Sunday 3 May 2015

Red Velvet

I don't know if I have any readers who don't know me personally/aren't on my facebook, but I'm back in England now, in case that's the case.
Yesterday I saw Tom, whose Sixth Form nickname was Fake Tom; however, since I've not spoken to the artist formerly known as Real Tom for nigh on six years, it seems a bit cruel to continue using that appelation. Tom, congratulations, I'm gonna call you by your real name now. Welcome to adulthood.
Tom and I went for coffee and cake and I had possibly the strangest drink I've ever drunk (and I once mixed goon and red bull)- it was a red velvet milkshake. As in, they took a piece of red velvet cake and blended it with some milk.

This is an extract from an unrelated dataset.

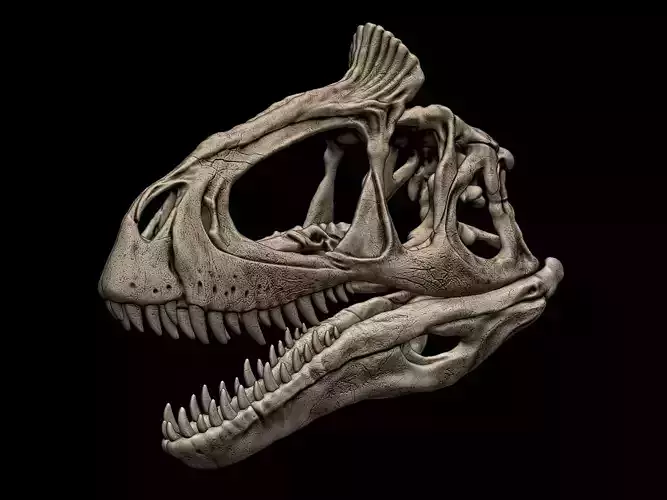 Cryolophosaurus Skull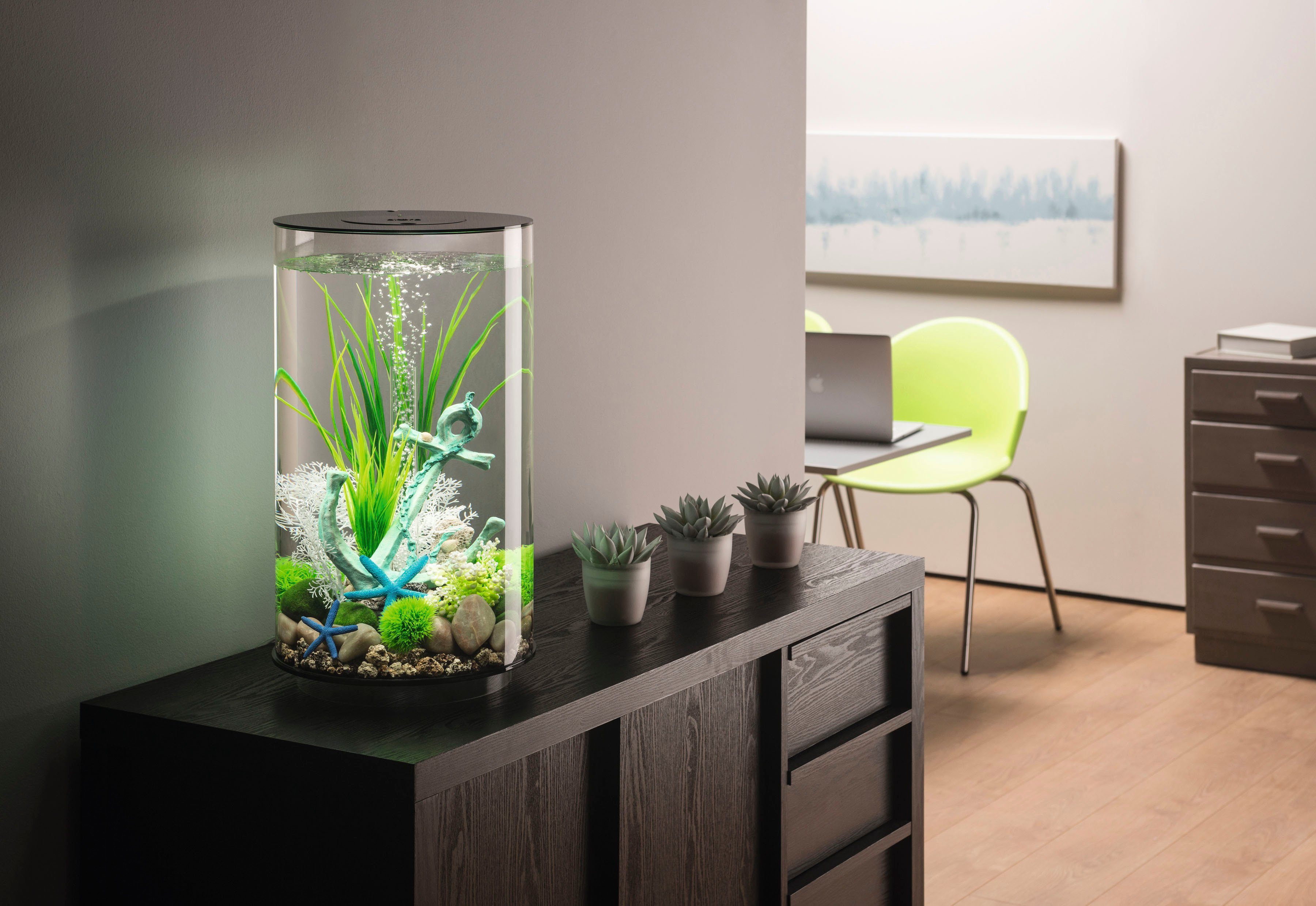 30 ØxH: Aquarium LED; 72066/67, 30 Liter, OASE by verschiedene TUBE 32,8x51,3 cm, biOrb Farben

It would've actually been quite nice, except I'd foolishly ordered a piece of red velvet cake to go with it, and, despite what the waiter chimed when I ordered, you can, in fact, have too much red velvet.
Tom was well; he's got a very interesting new job and has been thoroughly cured of the nast case of conservativism that blighted him in his youth (I can hardly judge, given the weird stuff I used to spout even a year or two ago).

Earlier in the week, my parents went away and so Ella came out to play. And I mean play. We toured Ironbridge's various parks and enhoyed the hell out of them. Children and adults alike were left speechless at the ingenuity and audacity of our recreational activity. We sang. We danced. We rolled. We slid. We swang. We made daisy chains. We very nearly broke every single piece of play park equipment we could get to. It was nauseatingly amazing. 







And we caught it all on film- more coming soon.

I've also been trying to learn to both cook and drive while at home: these are both activities which take an awful lot of concentration and memory space, neither of which are things that I hold in high supply. I found both incredibly stressful and inevitably end up with the air smelling of smoke, frantically jabbing at buttons and fiddling with knobs. Hopefully, though, I'll master at least one during this stretch of time at home, as I think they're both skills that fully-rounded adults possess.